Hi all,
I've been using featureCounts to generate count tables out of my bam files. Previously, it worked fine with bam files which I generated with Subread.
Now, I'm using featureCounts with the bam files I generated with HiSAT2. However, non of the alignments were assigned to any genes, since the chromosome names in my gtf file and bam files were different. I changed the chromosome names in my bam files following the instructions in this post. However, the bam file I generate following this method turns out to be corrupted somehow. samtools view mybam.bam | head
command does not give any output and when I run featureCounts, I receive "GZIP ERROR: -5" and still non of the alignments gets assigned to a gene. So I wonder how I can fix this discrepancy between my bam files and gtf file.

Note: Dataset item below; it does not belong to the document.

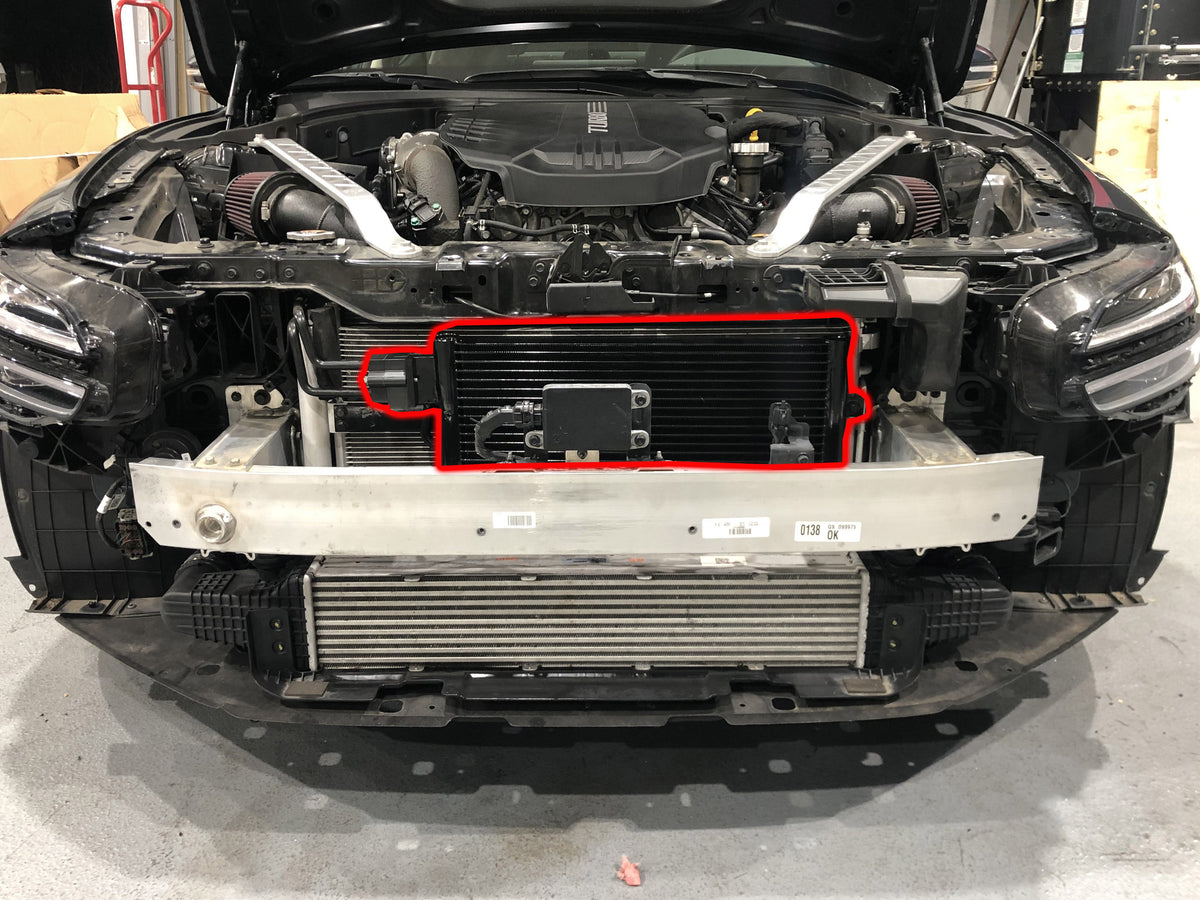BMS V2 Transmission Oil Cooler for 2018+ Kia Stinger & Genesis G70/G80 - view 4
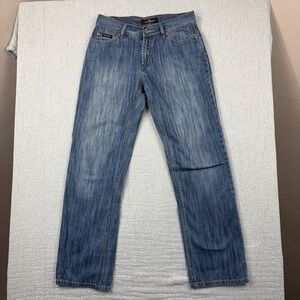 Vintage Ted Lapidus‎ Paris Enzyme/Stone Wash Denim Jeans 32/32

I used awk to format the header file and changed all chromosome names accordingly, but it didn't fix the issue. However, when I change chromosome names, blanks between columns change as well for some reason, meaning if there was a tab, it turns into a single space. So, I wonder if there is another way of solving this issue. I would be more than happy if you could help me out.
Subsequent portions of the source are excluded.